Cleaning California Public Enrollment Data

dataCleaning

During this cleaning I discover the Caifornia Deparment of Education (CDE) doesn’t keep track of closed schools after some time. Since 1981, over 1000 schools have been forgotten. If you look at the national data, it is even worse. This seems a shame for people who attended those forgotten schools.

I was able to recover over 95% of these missing schools. The resulting dataset is publicly available for other analysts on Tableau.

I recently read a helpful article by John Sullivan on skills to showcase for a career in data science. He describes data cleaning as requiring these skills:

Since 1981, over 1000 schools have been forgotten.

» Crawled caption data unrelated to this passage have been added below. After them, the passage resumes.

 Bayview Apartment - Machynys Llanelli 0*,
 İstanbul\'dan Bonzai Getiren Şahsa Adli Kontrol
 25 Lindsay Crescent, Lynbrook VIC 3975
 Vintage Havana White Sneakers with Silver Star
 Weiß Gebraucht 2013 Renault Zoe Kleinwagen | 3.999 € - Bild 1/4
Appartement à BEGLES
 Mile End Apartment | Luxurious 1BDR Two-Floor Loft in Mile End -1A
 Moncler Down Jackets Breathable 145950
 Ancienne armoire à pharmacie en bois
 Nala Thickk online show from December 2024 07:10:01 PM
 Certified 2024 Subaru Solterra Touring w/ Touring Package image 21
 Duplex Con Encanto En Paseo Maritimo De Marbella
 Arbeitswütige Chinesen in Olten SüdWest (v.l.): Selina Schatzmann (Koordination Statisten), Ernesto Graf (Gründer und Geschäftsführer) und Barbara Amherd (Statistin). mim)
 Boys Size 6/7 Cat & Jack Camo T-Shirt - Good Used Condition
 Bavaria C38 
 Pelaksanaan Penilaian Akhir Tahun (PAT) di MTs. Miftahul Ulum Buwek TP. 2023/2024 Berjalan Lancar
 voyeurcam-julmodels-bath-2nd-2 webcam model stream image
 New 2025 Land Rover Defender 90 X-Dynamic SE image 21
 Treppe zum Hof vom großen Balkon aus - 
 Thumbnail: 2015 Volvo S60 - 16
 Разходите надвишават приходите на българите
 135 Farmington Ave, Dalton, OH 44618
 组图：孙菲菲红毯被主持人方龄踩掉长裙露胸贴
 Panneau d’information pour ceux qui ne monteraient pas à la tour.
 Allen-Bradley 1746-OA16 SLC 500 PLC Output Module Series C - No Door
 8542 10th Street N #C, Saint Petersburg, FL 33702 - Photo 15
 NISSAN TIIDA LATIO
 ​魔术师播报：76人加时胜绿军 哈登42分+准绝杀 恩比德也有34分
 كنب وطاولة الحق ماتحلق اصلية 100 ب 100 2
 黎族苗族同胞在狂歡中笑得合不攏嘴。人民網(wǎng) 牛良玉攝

In order to prepare enrollment data for analysis, I perform many of the cleaning tasks outlined above. I merge yearly enrollment, english learner, free/reduced priced lunch, public/charter, and performance data to visualize trends over time. My cleaning steps are documented in this post.

Import

Download Files

Originally I wrote a scraper in python to bulk download the files from http://www.cde.ca.gov/ds/sd/sd/, however I was having timeout issues from the cde server and clicking a few dozen links isn’t that bad, so I downloaded by hand. File formats include .csv, .xls, .txt, .zip, .dbf, .exe (all pretty straightforward except that on mac .dbf requires OpenOffice and .exe are self-extracting zip files that can be unzipped on the command line). I convert all files to either .txt or .csv and organize the files in a Data/ subdirectory within the project directory.

Import Files

In this case I import files directly from a local repository. For the most part this only requires the read.table function from base R. .txt are tab delimeted and .csv are comma delimited so the main difference is the sep parameter:

For .txt files

DT.list <- lapply(file.list, read.table, fill=TRUE, na.strings=c("", "NA"), sep ="\t", quote = "", header=TRUE, check.names=FALSE)

For .csv there is a built-in read.csv that makes sep=”,”

DT.list <- lapply(file.list, read.csv, header=TRUE, check.names=FALSE)

File Lists

I use naming conventions to differentiate files with slightly different structure that need to be modifed in order to combine them into a single data table. Then I use regex to collect files of similar type into file lists. I use lapply to perform read.table on all of the files and put the resulting data frames in a list. Each list of data frames is named by year and actions are performed on their columns en masse.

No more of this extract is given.